Regular expression
Hi all,
I need to generate a valid match for a given regular expression, for example: if I have the following regular expression: "[a-z][0-9][a-z][a-z]" I would like my program generate any valid regular expression. Does anyone know a java API that could help me?
Thanks,
Paulo
hi!
you should read those
java.sun.com/docs/books/tutorial/essential/regex/
java.sun.com/j2se/1.4.2/docs/api/java/util/regex/Pattern.htm
www.javaregex.com/
and i'll paste some code for you to see an example where i read from a file
import java.io.*;
import java.util.regex.*;
import java.util.*;
import java.lang.*;
public class find_FILE_table_rows
{
public find_FILE_table_rows() throws Exception
{
try
{
String linefeed;
File fin = new File("records.txt");
FileInputStream fis = new FileInputStream(fin);
BufferedReader br = new BufferedReader(
new InputStreamReader(fis));
BufferedWriter out = new BufferedWriter(
new OutputStreamWriter(new FileOutputStream(new File("table_FILE.txt"))));
StringBuffer sb = new StringBuffer();
Hashtable htable = new Hashtable();
String temp_line,tofile;
Pattern p = Pattern.compile("^FN\\s.*$");
Pattern p1 = Pattern.compile("^H5.*$");
Pattern p2 = Pattern.compile("^H6.*$");
Pattern p3 = Pattern.compile("^H7.*$");
htable.put("FN", "NULL");
htable.put("H5", "NULL");
htable.put("H6", "NULL");
htable.put("H7", "NULL");
htable.put("CH5", "NULL");
htable.put("CH6", "NULL");
htable.put("CH7", "NULL");
Matcher m;
int i=0;
while( (linefeed =br.readLine()) != null )
{
m = p.matcher(linefeed);
//Pattern.matches("FN field");
if(m.matches())
{
temp_line = m.group();
tofile = temp_line.replaceFirst("^..\\s","");
htable.remove("FN");
htable.put("FN",tofile);
/*
temp_line = m.group();
tofile = temp_line.replaceFirst("^..\\s","");
out.write(tofile);
out.write(" ");
*/
}
m = p1.matcher(linefeed);
//Pattern.matches("H5");
if(m.matches())
{
temp_line = m.group();
tofile = temp_line.replaceFirst("^..\\s","");
htable.remove("H5");
htable.put("H5",tofile);
htable.remove("CH5");
htable.put("CH5",tofile);
/*
temp_line = m.group();
tofile = temp_line.replaceFirst("^..\\s","");
out.write(tofile);
out.write(" ");
*/
}
m = p2.matcher(linefeed);
//Pattern.matches("a*b", "aaaaab");
if(m.matches())
{
temp_line = m.group();
tofile = temp_line.replaceFirst("^..\\s","");
//my code
/*
temp_line = m.group();
tofile = temp_line.replaceFirst("^..\\s","");
out.write(tofile);
out.write(" ");
*/
}
m = p3.matcher(linefeed);
//Pattern.matches("a*b", "aaaaab");
if(m.matches())
{
temp_line = m.group();
tofile = temp_line.replaceFirst("^..\\s","");
//my code....
/*
temp_line = m.group();
tofile = temp_line.replaceFirst("^..\\s","");
out.write(tofile);
out.write(" ");
*/
}
}//EOF
String t = printHash(htable);
out.write(t);
out.close();
}
catch(FileNotFoundException fnfe) {System.out.println(fnfe);}
catch(IOException ioe) {System.out.println(ioe);}
catch(Exception e) {System.out.println(e);}
}
public static String printHash(Hashtable htable){
//............my code
}
}
now ...
To try to find smnthng you have to put it in a Pattern.

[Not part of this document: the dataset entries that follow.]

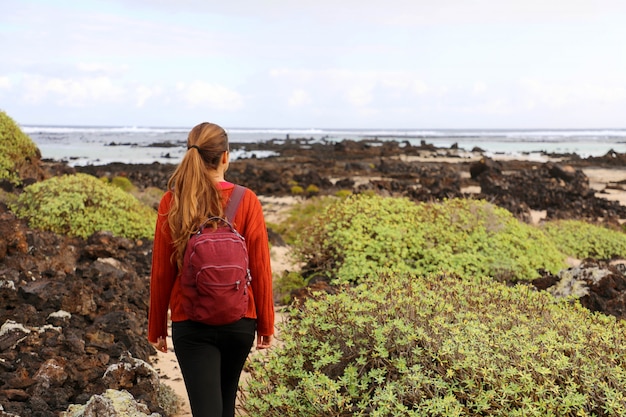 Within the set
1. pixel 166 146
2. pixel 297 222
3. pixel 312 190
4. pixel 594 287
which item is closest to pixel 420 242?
pixel 594 287

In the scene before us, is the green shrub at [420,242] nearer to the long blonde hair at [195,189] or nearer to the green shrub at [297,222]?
the green shrub at [297,222]

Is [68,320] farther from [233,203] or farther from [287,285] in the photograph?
[233,203]

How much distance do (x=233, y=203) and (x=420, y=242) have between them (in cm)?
493

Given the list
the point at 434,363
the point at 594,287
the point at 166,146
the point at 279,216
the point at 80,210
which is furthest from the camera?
the point at 166,146

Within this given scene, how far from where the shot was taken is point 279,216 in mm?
16250

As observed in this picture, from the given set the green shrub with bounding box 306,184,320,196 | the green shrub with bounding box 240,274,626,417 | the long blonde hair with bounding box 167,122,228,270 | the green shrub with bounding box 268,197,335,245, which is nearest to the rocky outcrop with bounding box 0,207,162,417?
the green shrub with bounding box 240,274,626,417

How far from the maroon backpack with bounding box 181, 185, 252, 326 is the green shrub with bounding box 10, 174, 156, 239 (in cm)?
748

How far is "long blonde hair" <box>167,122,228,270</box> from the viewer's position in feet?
10.4

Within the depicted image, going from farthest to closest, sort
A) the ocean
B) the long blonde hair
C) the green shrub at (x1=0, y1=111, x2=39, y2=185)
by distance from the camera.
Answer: the ocean, the green shrub at (x1=0, y1=111, x2=39, y2=185), the long blonde hair

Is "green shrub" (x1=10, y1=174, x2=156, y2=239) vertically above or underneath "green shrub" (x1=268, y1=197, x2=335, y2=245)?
above

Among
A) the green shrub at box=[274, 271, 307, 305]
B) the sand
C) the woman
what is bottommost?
the sand

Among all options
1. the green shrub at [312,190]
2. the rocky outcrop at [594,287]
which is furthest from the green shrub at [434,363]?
the green shrub at [312,190]

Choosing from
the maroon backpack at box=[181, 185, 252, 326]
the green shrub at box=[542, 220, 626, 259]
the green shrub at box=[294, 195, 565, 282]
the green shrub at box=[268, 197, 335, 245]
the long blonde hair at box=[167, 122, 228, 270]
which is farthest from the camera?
the green shrub at box=[268, 197, 335, 245]

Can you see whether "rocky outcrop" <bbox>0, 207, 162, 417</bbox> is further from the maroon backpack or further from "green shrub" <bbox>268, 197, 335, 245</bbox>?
"green shrub" <bbox>268, 197, 335, 245</bbox> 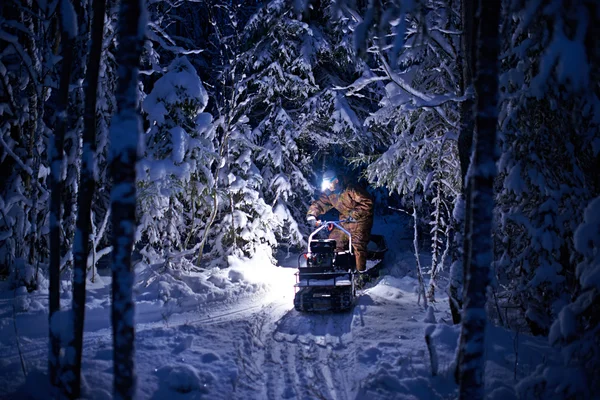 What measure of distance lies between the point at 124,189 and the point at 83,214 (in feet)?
3.14

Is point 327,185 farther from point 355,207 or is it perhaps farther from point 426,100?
point 426,100

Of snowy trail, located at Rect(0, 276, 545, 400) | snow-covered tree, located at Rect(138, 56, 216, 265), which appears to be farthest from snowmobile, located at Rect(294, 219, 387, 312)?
snow-covered tree, located at Rect(138, 56, 216, 265)

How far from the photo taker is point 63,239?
7.76 metres

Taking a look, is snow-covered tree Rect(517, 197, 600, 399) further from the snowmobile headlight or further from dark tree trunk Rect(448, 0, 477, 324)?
the snowmobile headlight

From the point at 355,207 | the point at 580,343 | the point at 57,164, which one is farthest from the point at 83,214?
the point at 355,207

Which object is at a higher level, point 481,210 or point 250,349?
point 481,210

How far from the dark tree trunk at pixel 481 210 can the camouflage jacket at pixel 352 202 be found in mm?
7263

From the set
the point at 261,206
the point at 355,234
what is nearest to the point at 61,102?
the point at 261,206

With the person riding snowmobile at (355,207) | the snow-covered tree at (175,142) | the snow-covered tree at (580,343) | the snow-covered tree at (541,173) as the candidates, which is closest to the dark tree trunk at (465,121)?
the snow-covered tree at (541,173)

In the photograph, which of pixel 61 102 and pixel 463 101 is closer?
pixel 61 102

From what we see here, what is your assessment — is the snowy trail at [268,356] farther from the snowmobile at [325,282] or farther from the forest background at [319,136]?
the forest background at [319,136]

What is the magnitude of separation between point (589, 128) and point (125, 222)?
5.44m

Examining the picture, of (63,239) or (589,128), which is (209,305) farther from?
(589,128)

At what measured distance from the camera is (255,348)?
228 inches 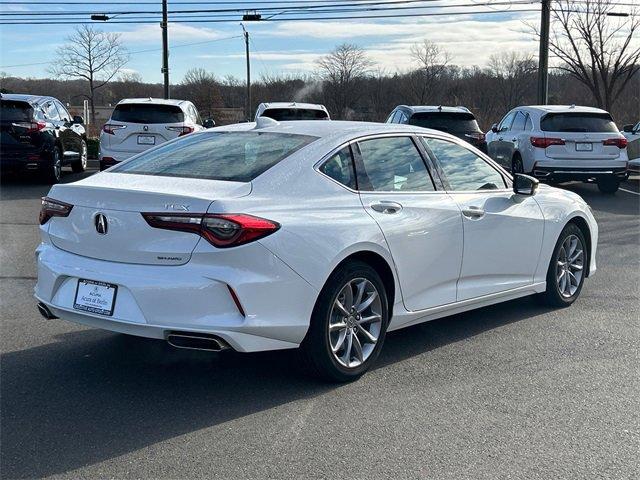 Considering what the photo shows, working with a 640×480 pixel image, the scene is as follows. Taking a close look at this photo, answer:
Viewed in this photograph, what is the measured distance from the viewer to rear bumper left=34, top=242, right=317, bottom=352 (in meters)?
4.04

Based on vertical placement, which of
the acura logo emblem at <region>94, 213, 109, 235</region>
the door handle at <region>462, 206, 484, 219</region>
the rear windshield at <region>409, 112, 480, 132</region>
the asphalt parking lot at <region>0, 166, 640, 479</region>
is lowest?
the asphalt parking lot at <region>0, 166, 640, 479</region>

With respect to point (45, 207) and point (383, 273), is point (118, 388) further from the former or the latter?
point (383, 273)

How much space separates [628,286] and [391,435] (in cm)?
458

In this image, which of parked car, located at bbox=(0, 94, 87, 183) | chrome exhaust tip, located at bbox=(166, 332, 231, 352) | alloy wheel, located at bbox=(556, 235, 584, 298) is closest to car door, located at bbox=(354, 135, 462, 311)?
chrome exhaust tip, located at bbox=(166, 332, 231, 352)

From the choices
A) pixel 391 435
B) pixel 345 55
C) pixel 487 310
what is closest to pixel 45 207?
pixel 391 435

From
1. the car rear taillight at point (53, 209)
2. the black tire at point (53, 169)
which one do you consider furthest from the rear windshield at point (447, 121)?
the car rear taillight at point (53, 209)

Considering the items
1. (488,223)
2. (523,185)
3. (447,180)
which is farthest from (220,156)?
(523,185)

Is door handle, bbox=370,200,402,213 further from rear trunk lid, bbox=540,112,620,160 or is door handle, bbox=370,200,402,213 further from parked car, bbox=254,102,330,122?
rear trunk lid, bbox=540,112,620,160

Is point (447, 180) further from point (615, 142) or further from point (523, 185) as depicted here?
point (615, 142)

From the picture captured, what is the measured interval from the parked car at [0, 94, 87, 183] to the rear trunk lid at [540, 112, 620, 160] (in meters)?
9.66

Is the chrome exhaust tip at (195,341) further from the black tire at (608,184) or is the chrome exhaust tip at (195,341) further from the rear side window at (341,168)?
the black tire at (608,184)

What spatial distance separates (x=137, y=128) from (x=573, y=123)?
853 cm

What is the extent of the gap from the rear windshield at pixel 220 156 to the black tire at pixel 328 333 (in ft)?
2.57

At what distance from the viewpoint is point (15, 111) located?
14.6 metres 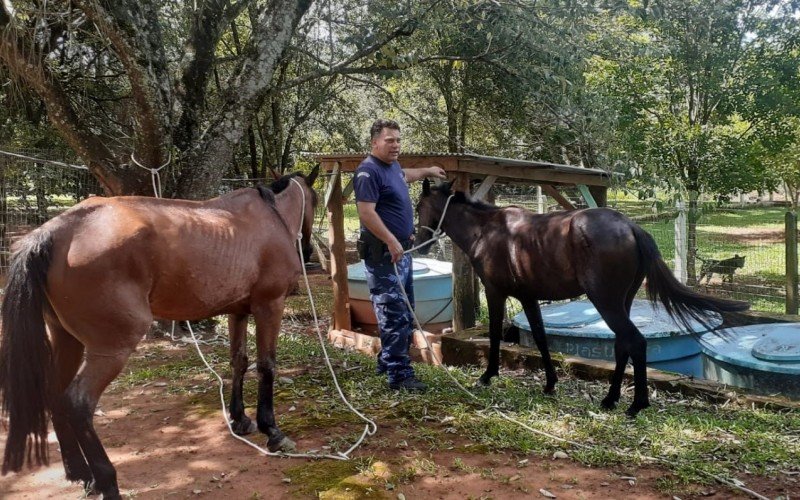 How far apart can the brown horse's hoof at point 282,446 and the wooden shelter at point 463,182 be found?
3361 mm

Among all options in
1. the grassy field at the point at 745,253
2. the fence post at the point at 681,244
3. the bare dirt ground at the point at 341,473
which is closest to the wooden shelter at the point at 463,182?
the fence post at the point at 681,244

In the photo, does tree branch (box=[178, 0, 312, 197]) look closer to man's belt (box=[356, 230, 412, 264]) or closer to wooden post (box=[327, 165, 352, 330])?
wooden post (box=[327, 165, 352, 330])

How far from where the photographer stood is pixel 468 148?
1352 cm

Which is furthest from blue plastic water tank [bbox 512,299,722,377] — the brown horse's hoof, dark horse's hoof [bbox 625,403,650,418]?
the brown horse's hoof

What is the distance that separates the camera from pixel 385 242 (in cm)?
431

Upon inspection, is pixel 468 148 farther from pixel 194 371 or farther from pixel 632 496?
pixel 632 496

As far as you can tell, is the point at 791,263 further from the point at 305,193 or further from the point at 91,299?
the point at 91,299

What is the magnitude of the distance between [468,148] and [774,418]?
10.3 m

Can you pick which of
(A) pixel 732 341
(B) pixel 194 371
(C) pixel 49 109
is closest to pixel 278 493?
(B) pixel 194 371

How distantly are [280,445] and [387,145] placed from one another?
85.9 inches

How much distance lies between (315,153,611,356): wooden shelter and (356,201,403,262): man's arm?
190 cm

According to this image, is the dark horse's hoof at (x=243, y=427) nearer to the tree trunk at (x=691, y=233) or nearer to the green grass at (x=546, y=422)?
the green grass at (x=546, y=422)

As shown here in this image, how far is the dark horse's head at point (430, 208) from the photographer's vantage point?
529cm

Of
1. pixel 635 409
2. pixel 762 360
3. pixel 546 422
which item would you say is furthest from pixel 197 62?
pixel 762 360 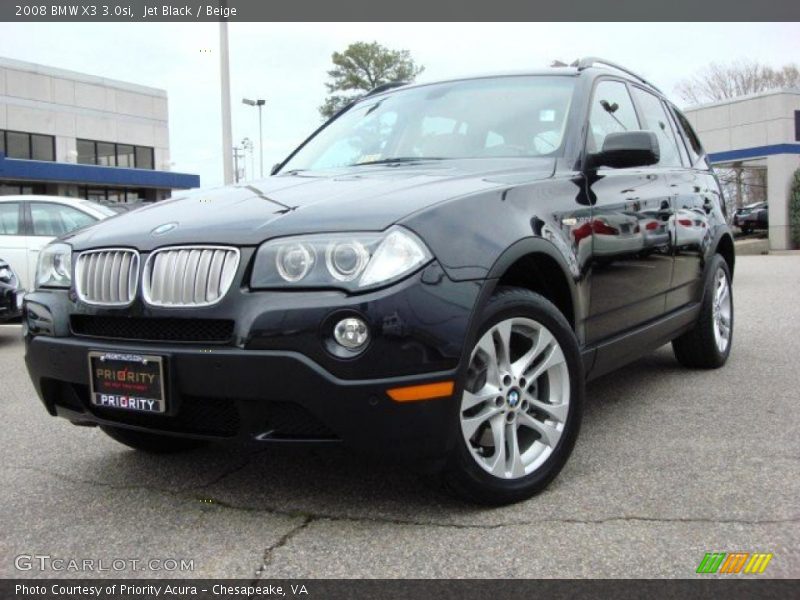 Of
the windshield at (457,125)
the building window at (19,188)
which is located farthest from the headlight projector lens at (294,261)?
the building window at (19,188)

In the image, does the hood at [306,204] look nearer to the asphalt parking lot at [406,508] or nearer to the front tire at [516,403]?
the front tire at [516,403]

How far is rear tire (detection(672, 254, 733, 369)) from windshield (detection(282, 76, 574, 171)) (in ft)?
6.18

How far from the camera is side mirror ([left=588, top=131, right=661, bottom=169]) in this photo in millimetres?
3408

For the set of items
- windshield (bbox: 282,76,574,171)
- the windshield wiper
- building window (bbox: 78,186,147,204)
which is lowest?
the windshield wiper

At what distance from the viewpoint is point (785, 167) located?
23.7m

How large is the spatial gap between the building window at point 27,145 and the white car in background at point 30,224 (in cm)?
2732

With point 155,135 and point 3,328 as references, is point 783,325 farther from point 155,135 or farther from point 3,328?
point 155,135

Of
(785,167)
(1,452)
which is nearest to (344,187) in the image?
(1,452)

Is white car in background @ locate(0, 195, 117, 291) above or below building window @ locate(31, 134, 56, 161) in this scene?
below

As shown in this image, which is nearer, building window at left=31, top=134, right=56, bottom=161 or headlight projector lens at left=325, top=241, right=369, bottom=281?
headlight projector lens at left=325, top=241, right=369, bottom=281

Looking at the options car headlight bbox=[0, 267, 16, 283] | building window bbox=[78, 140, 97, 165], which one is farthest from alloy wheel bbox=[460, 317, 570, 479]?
building window bbox=[78, 140, 97, 165]

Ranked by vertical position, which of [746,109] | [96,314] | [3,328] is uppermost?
[746,109]

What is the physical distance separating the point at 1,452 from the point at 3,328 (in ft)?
20.1

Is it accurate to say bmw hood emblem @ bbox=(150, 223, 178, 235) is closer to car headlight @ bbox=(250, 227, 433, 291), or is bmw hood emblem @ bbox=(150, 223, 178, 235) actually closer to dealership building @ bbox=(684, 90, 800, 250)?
car headlight @ bbox=(250, 227, 433, 291) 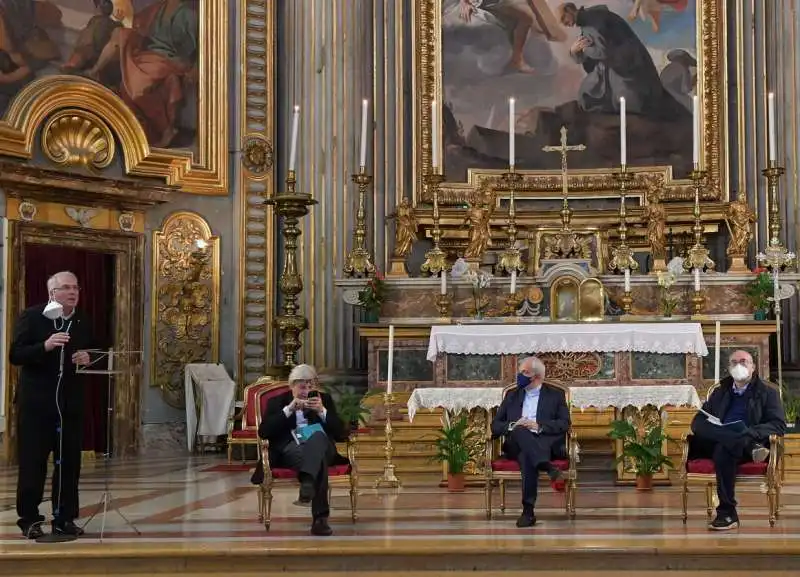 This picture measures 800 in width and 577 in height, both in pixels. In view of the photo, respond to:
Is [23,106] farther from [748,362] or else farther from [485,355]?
[748,362]

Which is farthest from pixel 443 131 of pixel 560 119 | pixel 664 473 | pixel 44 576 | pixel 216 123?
pixel 44 576

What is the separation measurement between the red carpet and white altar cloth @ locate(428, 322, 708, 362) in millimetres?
2185

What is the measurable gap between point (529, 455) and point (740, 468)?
1.32 metres

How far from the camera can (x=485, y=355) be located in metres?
11.4

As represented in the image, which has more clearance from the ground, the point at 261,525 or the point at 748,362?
the point at 748,362

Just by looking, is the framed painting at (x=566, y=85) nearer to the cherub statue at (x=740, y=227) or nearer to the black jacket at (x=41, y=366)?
the cherub statue at (x=740, y=227)

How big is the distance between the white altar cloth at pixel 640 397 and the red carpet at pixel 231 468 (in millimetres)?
3482

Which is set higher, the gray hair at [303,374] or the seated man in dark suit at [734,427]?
the gray hair at [303,374]

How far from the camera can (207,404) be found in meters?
13.8

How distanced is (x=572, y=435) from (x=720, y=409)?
0.98m

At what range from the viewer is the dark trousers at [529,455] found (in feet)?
25.8

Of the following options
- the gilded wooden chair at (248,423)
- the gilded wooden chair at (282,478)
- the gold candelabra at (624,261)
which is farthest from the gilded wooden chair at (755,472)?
the gilded wooden chair at (248,423)

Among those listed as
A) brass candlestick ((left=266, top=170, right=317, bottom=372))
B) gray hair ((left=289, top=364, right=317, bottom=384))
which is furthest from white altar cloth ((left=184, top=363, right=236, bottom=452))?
gray hair ((left=289, top=364, right=317, bottom=384))

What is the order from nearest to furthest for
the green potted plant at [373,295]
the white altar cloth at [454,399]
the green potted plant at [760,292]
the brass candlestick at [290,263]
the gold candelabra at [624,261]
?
the white altar cloth at [454,399]
the brass candlestick at [290,263]
the gold candelabra at [624,261]
the green potted plant at [760,292]
the green potted plant at [373,295] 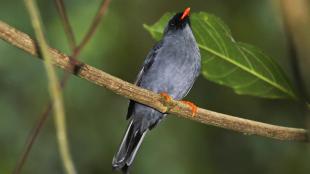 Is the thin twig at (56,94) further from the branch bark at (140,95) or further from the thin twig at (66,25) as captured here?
the branch bark at (140,95)

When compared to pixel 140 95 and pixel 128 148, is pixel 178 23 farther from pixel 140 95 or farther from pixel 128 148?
pixel 140 95

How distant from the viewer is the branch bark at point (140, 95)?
2.16 meters

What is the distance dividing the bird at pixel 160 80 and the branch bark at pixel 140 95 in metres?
1.48

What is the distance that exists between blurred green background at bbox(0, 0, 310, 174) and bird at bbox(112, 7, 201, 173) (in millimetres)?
1146

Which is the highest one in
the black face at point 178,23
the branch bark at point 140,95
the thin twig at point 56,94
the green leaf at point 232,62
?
the black face at point 178,23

And try to match it with a Matcher.
for example
Pattern p = Pattern.compile("^[a-z]");
m = p1.matcher(linefeed)
matches the first letter of a line
Pattern p = Pattern.compile("^[a-z].*$");
mathes all lines that include 'lowerCase' letters
and so on...
Happy programming
REMEMBER READ THOSE WEB PAGES and import java.util.regex.*;
>
> and i'll paste some code for you to see an example
> where i read from a file
'georous',
You seem to have misunderstood the original post. The OP is not asking how to use regex, he is asking how to create a String that will match a given regex.
This requirement has been posted previously on this forum but I seem to remember that no solution was found. It looks to be a very difficult problem.
Sabre
> This requirement has been posted previously on this forum but I
> seem to remember that no solution was found. It looks to be a very
> difficult problem.
I isn't a difficult problem, it's just extremely tedious, especially if you
can't get your hands on the internal DFA (Deterministic Finite Automaton)
generated by the regex compiler. Such a DFA is just finite directed graph
with one or more 'accepting' states/vertices.
Finding all strings that would be accepted by the regex is equivalent
to finding all paths in the DFA that lead to an accepting vertex. Note that
there might be an infinit number of such paths for a given graph,
(eg. "a*"). If you don't limit the path/string length, the process would
never end.
IMHO for the given regex: "[a-z][0-9][a-z][a-z]" it would be much simpler
to explicitly write a couple of loops that'll generate the accepted strings.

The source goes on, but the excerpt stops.